EXERCISE DESCRIPTION: Reproduce exactly, and solely, the lines running from the top of the data below through the line with "हिंगोली: विविध मागण्यांसाठी", both inclusive. Omit pictures.

* * *

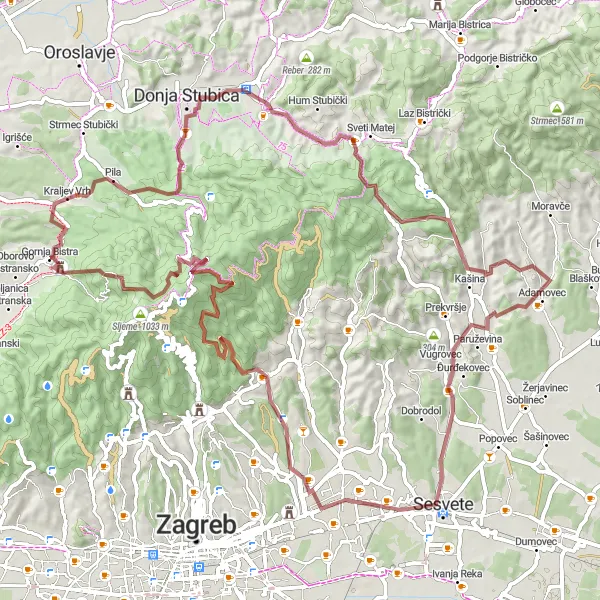 Map miniature of "Explore the Gravel Paths: Gornja Bistra - Gornja Stubica - Tusti breg" cycling inspiration in Sjeverna Hrvatska, Croatia. Generated by Tarmacs.app cycling route planner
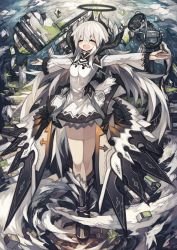 Rule 34 | 10s, 1girl, blush, boots, cape, chain chronicle, dress, closed eyes, halo, highres, hourglass, long hair, mamuru, mecha musume, open mouth, original, outstretched arms, solo, thighhighs, very long hair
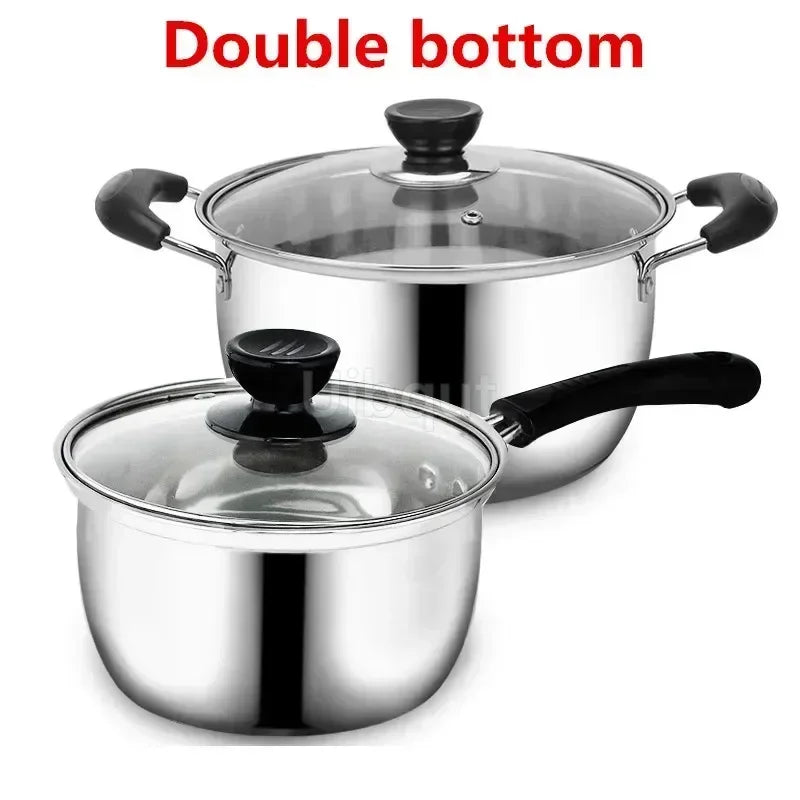 Stainless Steel Double Bottom Soup Pot Nonmagnetic Cooking Multi purpose Cookware Non stick Pan Gas cooker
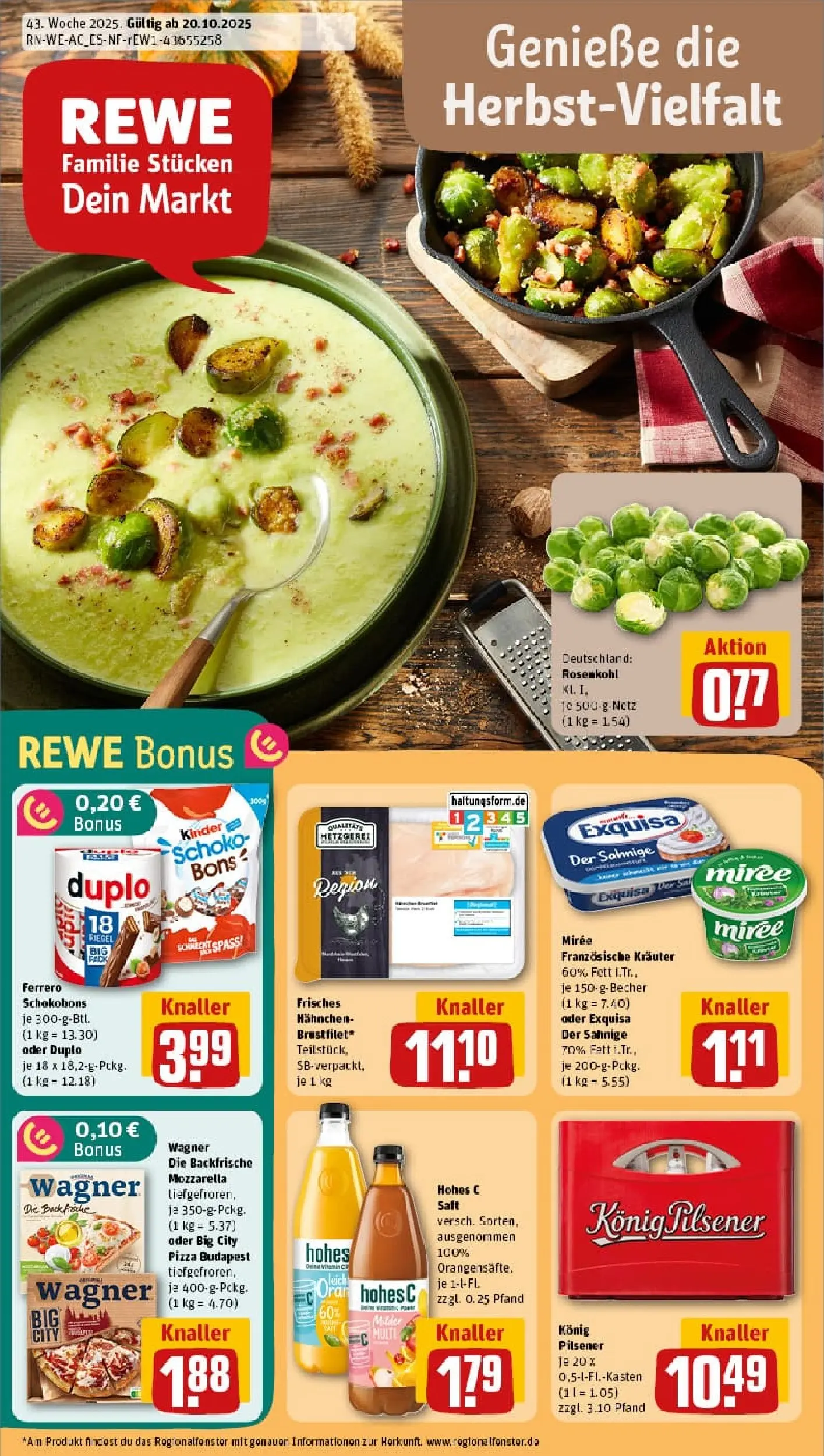 REWE Prospekt ab 19.10.2025 zum Blättern » Angebote | Seite: 1 | Produkte: Konig pilsener, Mozzarella, Hohes c, Pizza
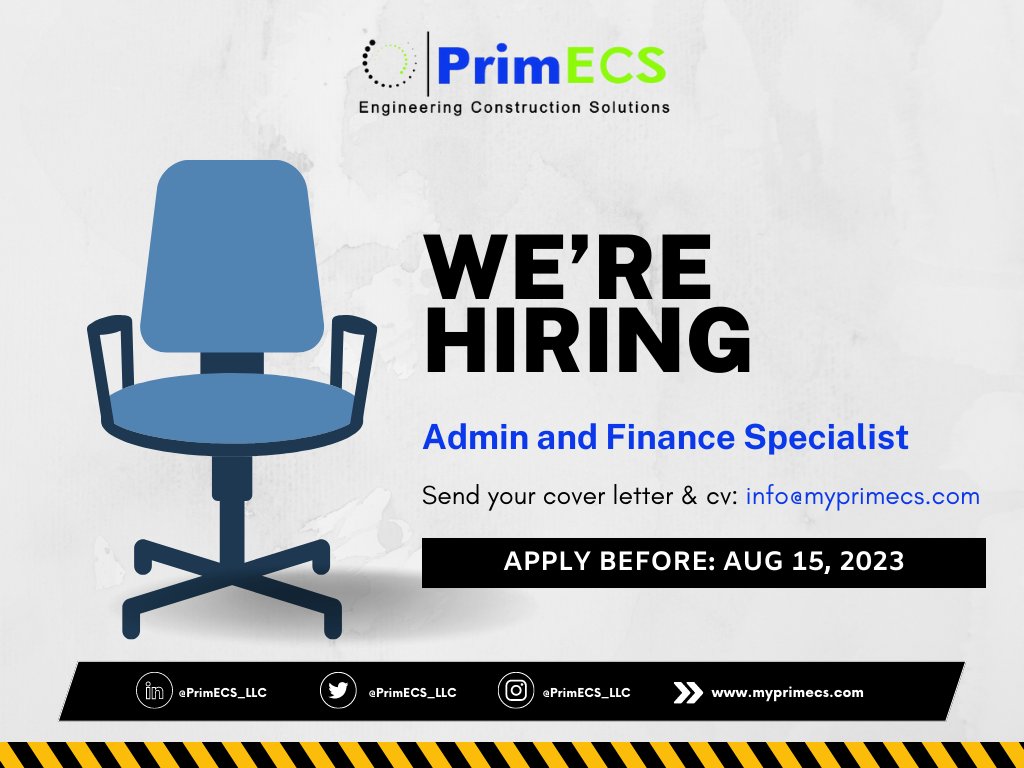 PrimECS_LLC's tweet photo. We're #hiring!
If you're based in Kigali, #Rwanda, Join us.
For more details, visit https://t.co/Nna9DN8Hml.

#adminjobs  #Finance  #Engineering  #Construction  #USA https://t.co/rxXhsR6Vhx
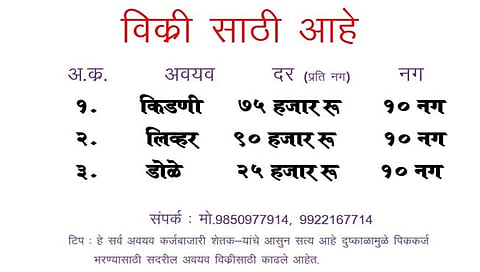हिंगोली: विविध मागण्यांसाठी शेतकऱ्यांनी मानवी अवयव काढले विक्रीला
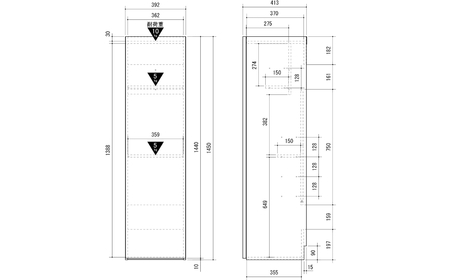 家具 掃除機収納 ロッカー  ブラウン ≪LFM-1440ST-DB≫ 家具 朝日木材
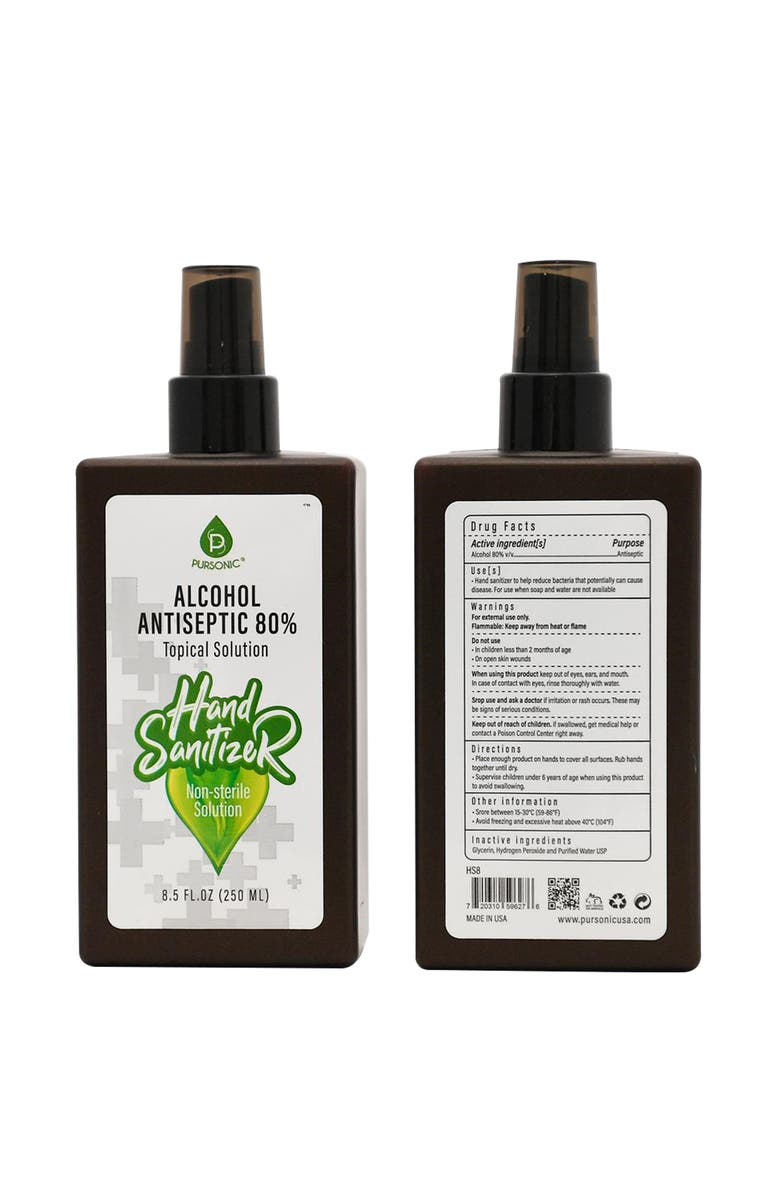 PURSONIC Moisturizing Hand Sanitizer 80% Alcohol, Alternate, color, Brown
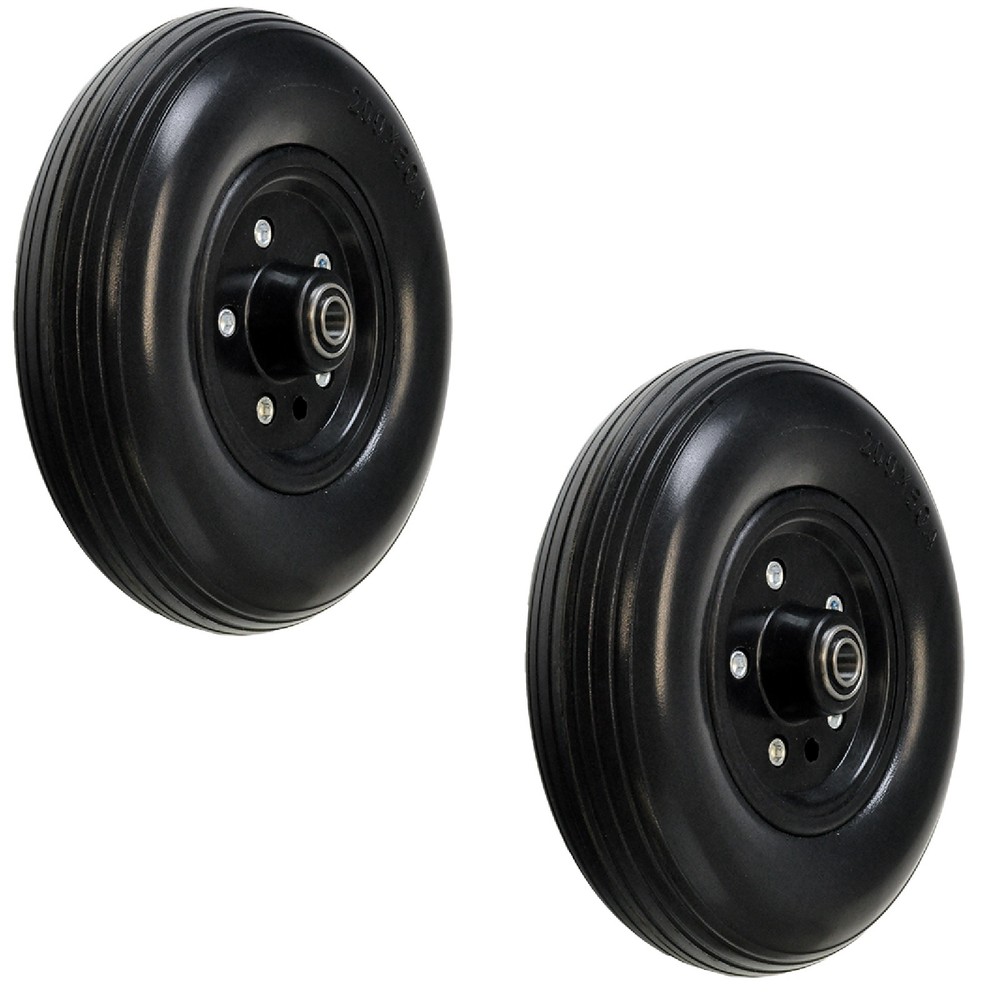 8" x 2" Solid Urethane Caster Wheels Assembly for Invacare Power Wheelchairs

* * *

WRITTEN SOLUTION:
 Map miniature of "Explore the Gravel Paths: Gornja Bistra - Gornja Stubica - Tusti breg" cycling inspiration in Sjeverna Hrvatska, Croatia. Generated by Tarmacs.app cycling route planner
 Rule 34 | 10s, 1girl, blush, boots, cape, chain chronicle, dress, closed eyes, halo, highres, hourglass, long hair, mamuru, mecha musume, open mouth, original, outstretched arms, solo, thighhighs, very long hair
 Stainless Steel Double Bottom Soup Pot Nonmagnetic Cooking Multi purpose Cookware Non stick Pan Gas cooker
 REWE Prospekt ab 19.10.2025 zum Blättern » Angebote | Seite: 1 | Produkte: Konig pilsener, Mozzarella, Hohes c, Pizza
 PrimECS_LLC's tweet photo. We're #hiring!
If you're based in Kigali, #Rwanda, Join us.
For more details, visit https://t.co/Nna9DN8Hml.

#adminjobs  #Finance  #Engineering  #Construction  #USA https://t.co/rxXhsR6Vhx
हिंगोली: विविध मागण्यांसाठी शेतकऱ्यांनी मानवी अवयव काढले विक्रीला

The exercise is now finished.